Caption-style text data:
╔══
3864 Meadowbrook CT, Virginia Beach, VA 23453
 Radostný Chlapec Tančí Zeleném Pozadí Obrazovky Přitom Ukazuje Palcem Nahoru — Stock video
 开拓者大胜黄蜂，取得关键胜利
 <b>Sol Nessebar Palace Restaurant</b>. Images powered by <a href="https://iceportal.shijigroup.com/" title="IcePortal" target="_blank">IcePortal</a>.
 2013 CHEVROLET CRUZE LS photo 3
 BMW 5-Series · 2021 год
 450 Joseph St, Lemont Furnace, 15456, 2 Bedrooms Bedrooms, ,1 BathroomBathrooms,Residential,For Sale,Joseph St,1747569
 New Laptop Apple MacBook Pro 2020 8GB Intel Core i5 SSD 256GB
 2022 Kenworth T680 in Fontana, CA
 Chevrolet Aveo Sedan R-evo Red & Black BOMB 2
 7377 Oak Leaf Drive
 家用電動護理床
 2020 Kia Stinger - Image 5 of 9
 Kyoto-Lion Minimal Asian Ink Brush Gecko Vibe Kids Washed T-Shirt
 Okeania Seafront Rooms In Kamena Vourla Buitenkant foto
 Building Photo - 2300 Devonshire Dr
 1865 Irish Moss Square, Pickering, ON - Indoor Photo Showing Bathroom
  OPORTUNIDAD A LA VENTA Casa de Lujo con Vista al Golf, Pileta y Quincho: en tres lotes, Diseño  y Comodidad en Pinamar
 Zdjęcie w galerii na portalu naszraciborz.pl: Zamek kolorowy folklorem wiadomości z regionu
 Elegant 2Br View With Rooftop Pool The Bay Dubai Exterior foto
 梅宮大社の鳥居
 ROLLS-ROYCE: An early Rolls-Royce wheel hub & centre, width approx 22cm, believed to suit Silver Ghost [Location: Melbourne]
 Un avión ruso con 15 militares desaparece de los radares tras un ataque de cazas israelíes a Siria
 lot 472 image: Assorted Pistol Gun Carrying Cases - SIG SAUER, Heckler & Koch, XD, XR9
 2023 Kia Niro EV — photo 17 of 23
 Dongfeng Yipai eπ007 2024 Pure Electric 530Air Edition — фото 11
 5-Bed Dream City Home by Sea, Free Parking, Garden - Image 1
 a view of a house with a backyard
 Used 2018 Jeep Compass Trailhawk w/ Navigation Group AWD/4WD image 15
╚══
## Assignment:
Start at the line containing "Radostný Chlapec Tančí" and transcribe through the end of the entries. Please keep both ends and add nothing.

## Finished task:
 Radostný Chlapec Tančí Zeleném Pozadí Obrazovky Přitom Ukazuje Palcem Nahoru — Stock video
 开拓者大胜黄蜂，取得关键胜利
 <b>Sol Nessebar Palace Restaurant</b>. Images powered by <a href="https://iceportal.shijigroup.com/" title="IcePortal" target="_blank">IcePortal</a>.
 2013 CHEVROLET CRUZE LS photo 3
 BMW 5-Series · 2021 год
 450 Joseph St, Lemont Furnace, 15456, 2 Bedrooms Bedrooms, ,1 BathroomBathrooms,Residential,For Sale,Joseph St,1747569
 New Laptop Apple MacBook Pro 2020 8GB Intel Core i5 SSD 256GB
 2022 Kenworth T680 in Fontana, CA
 Chevrolet Aveo Sedan R-evo Red & Black BOMB 2
 7377 Oak Leaf Drive
 家用電動護理床
 2020 Kia Stinger - Image 5 of 9
 Kyoto-Lion Minimal Asian Ink Brush Gecko Vibe Kids Washed T-Shirt
 Okeania Seafront Rooms In Kamena Vourla Buitenkant foto
 Building Photo - 2300 Devonshire Dr
 1865 Irish Moss Square, Pickering, ON - Indoor Photo Showing Bathroom
  OPORTUNIDAD A LA VENTA Casa de Lujo con Vista al Golf, Pileta y Quincho: en tres lotes, Diseño  y Comodidad en Pinamar
 Zdjęcie w galerii na portalu naszraciborz.pl: Zamek kolorowy folklorem wiadomości z regionu
 Elegant 2Br View With Rooftop Pool The Bay Dubai Exterior foto
 梅宮大社の鳥居
 ROLLS-ROYCE: An early Rolls-Royce wheel hub & centre, width approx 22cm, believed to suit Silver Ghost [Location: Melbourne]
 Un avión ruso con 15 militares desaparece de los radares tras un ataque de cazas israelíes a Siria
 lot 472 image: Assorted Pistol Gun Carrying Cases - SIG SAUER, Heckler & Koch, XD, XR9
 2023 Kia Niro EV — photo 17 of 23
 Dongfeng Yipai eπ007 2024 Pure Electric 530Air Edition — фото 11
 5-Bed Dream City Home by Sea, Free Parking, Garden - Image 1
 a view of a house with a backyard
 Used 2018 Jeep Compass Trailhawk w/ Navigation Group AWD/4WD image 15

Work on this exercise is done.